US lawmakers are seeking to pass legislation that would give retailers a seat at the negotiating table with banks and credit card companies over interchange fee levels.
The bi-partisan Credit Card Fair Fee Act is being pushed through Congress by democratic House Judiciary Chairman John Conyers and republican representative Bill Shuster.
Similar legislation was first tabled last year.
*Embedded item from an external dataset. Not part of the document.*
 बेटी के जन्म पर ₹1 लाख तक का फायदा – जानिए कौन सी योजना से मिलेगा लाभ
The new bill dispenses with earlier provisions to set up a panel to arbitrate arguments between merchants and banks and to require retailers to pass on interchange savings to customers.
Under the current proposals, merchants would be allowed to enter negotiations with banks to establish rates and terms, while an antitrust attorney from the Department of Justice would be present at the talks.
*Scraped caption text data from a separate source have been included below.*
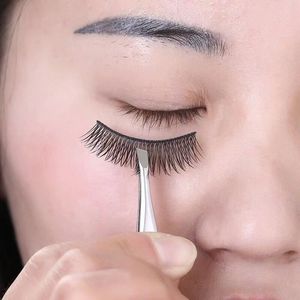 Yimeisen Slanted Tip Eyebrow Tweezers Stainless Steel Durable For Precise Brow Shaping - Product Image 1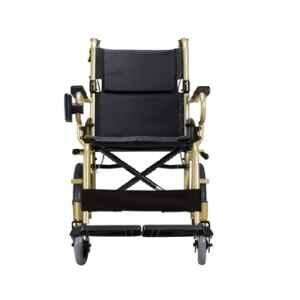 Karma KM-2500L 890x560x860mm 20F Champagne Aluminium Foldable Wheelchair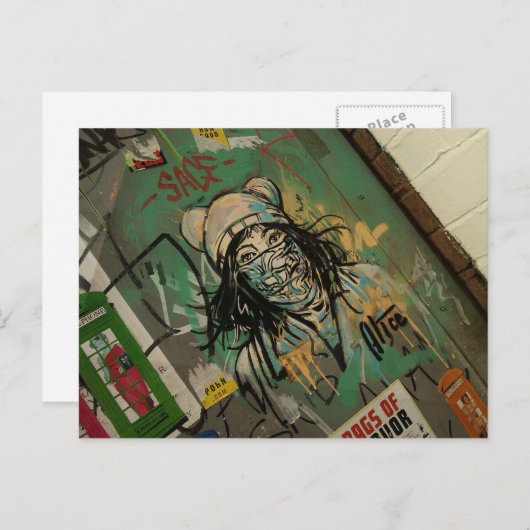 Graffitti and Wall art, stadscentrum manchester Briefkaart (Voorkant / Achterkant)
Revenue from interchange in the US credit card industry reached $48 billion last year, up from $42 billion in 2007 and $36 billion a year earlier.
MasterCard issued a statement saying that if passed, the bill would result in "less credit availability, along with higher prices and reduced benefits when Americans choose to use their credit or debit cards".
The National Retail Federation in contrast welcomed the move. NRF SVP and general counsel Mallory Duncan comments: "In the middle of one of the worst recessions seen in decades, consumers can't continue to pay artificially inflated prices just so the credit card industry can skim profits off the top. It's time for these fees to be brought under control."